What services does idverde provide for WWS?
idverde is contracted to provide grounds maintenance work on site including cleansing hard surfaces, grass cutting, litter collection, scrubland management and infrastructure maintenance. In addition to these tasks, idverde provides an onsite RSPB Community and Ecology adviser in charge of the following tasks: ecological surveys as part of an ecological baseline audit, local and corporate conservation volunteering (scything, hedge laying, tree planting, scrub management, habitat creation), annual work plans for ecologically sensitive areas on site, best practice advice for management and training for GM team.
How do your services benefit the client and the community?
Our GM team ensures that the space is well-maintained and litter free while our RSPB Community and Ecology Adviser facilitates volunteer days and ecological events for the local community (such as Dawn Chorus Walks and Butterfly Surveys). We also run a variety of corporate volunteer days which have allowed us to plant trees, conduct path maintenance works and refurbish benches to enhance the experience of site users.
Can you give an example of a recent project or initiative that has happened in the last 12 months?
We implemented hedge laying for our wildlife hedge management last winter and laid almost 200 metres of hedge with the help of local volunteers to reduce the height of the hedge and improve site lines as well as enhancing the hedgerow habitat. We have also implemented cut and collects in our meadow grassland areas in an attempt to increase wildflower coverage and reduce the dominance of grass. Our cut and collect project is conducted mainly by volunteers with the use of scythes and rakes.
How do you encourage biodiversity at WWS?

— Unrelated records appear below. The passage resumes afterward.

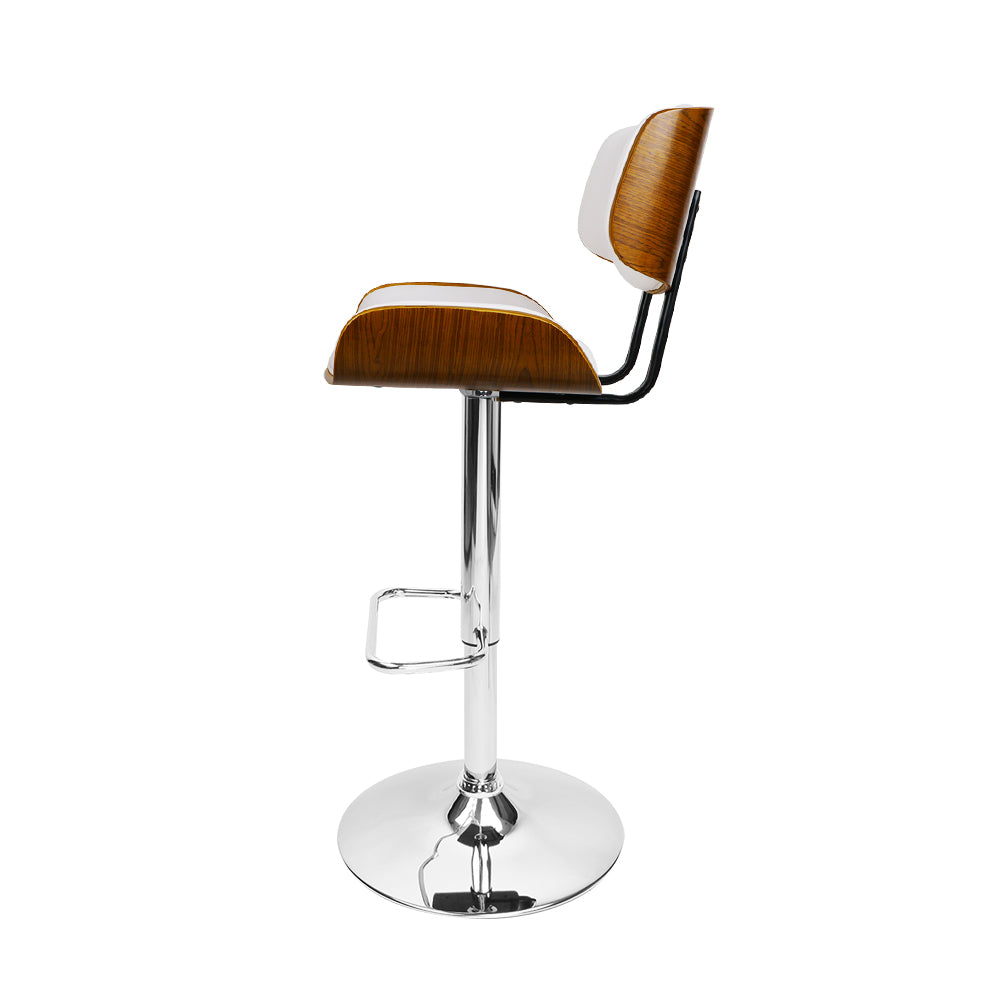 Artiss Bar Stools Gas Lift Leather White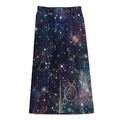 Constellation Galaxy Space Print Cotton Front Slit Maxi Skirt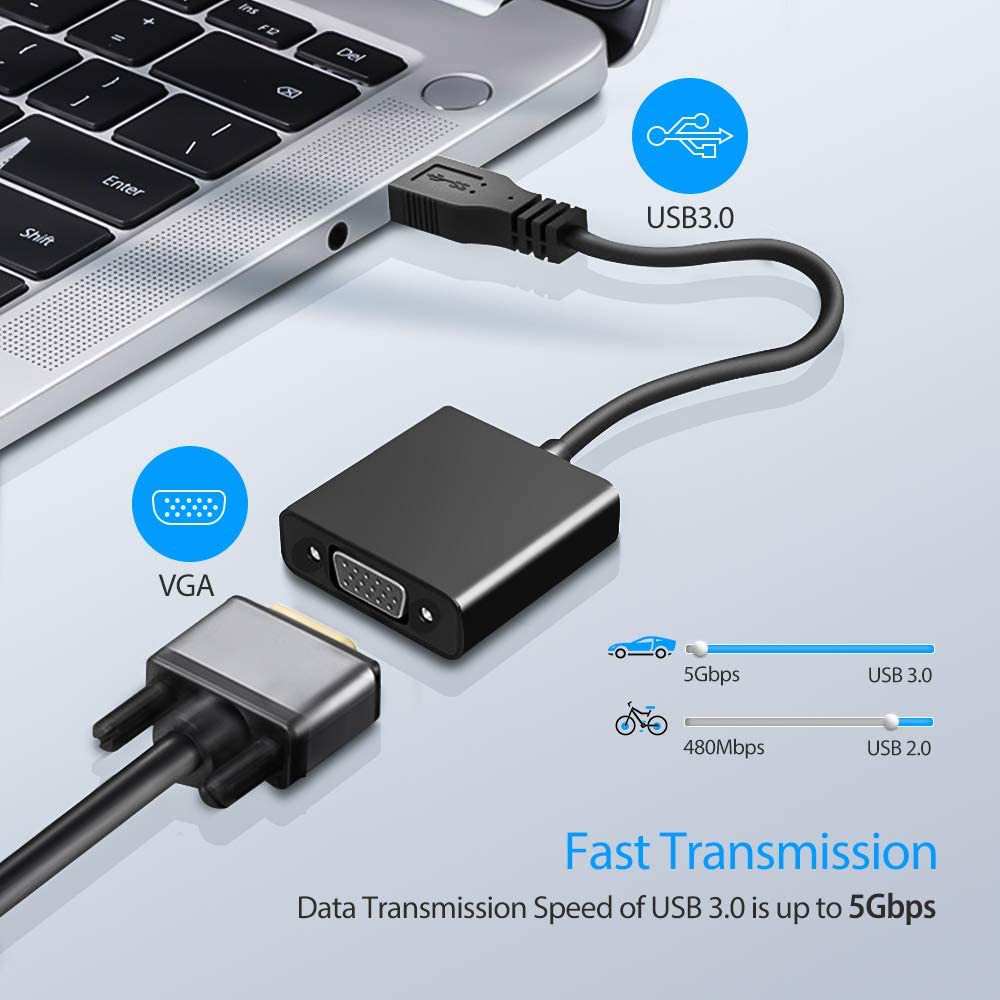 U3V | CONVERTER USB 3.0 MALE TO VGA FEMALE CENTRO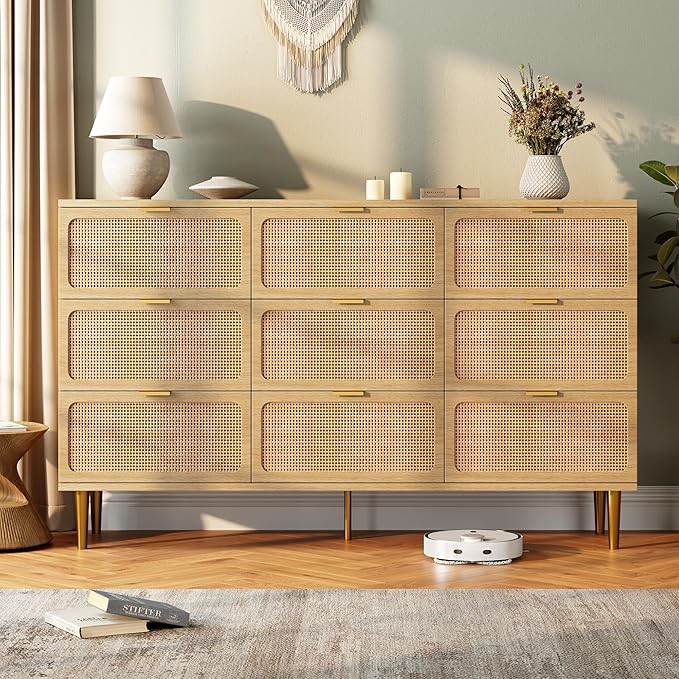 GarveeHome Rattan 9 Drawer Dressers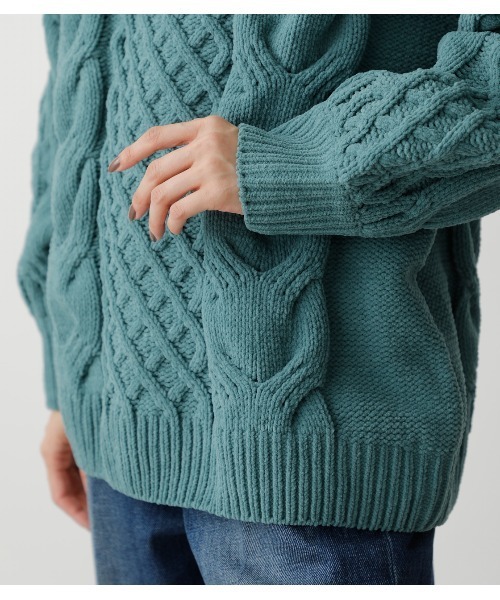 CHENILLE CABLE V/N KNIT TOPS/シェニールケーブルVネックニット CHENILLE CABLE V/N KNIT TOPS/シェニールケーブルVネックニット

Hedge laying, meadow cut and collects, deadwood habitat creation, wildflower patch seed sowing, tree/hedge planting and bird box creation are a few of the methods we use to enhance biodiversity on site.
Does your park have any interesting or unusual features?
We have a large expanse of scrub/grassland mosaic habitat in the western half of the site. The entire site is quite unlike any formal park in London in keeping with the ‘more wild than tamed’ aspiration of the Friends group on site. The site lacks any formal features but is set to have a series of scrapes, swales and ponds implemented in the near future as part of the ecological masterplan for the site.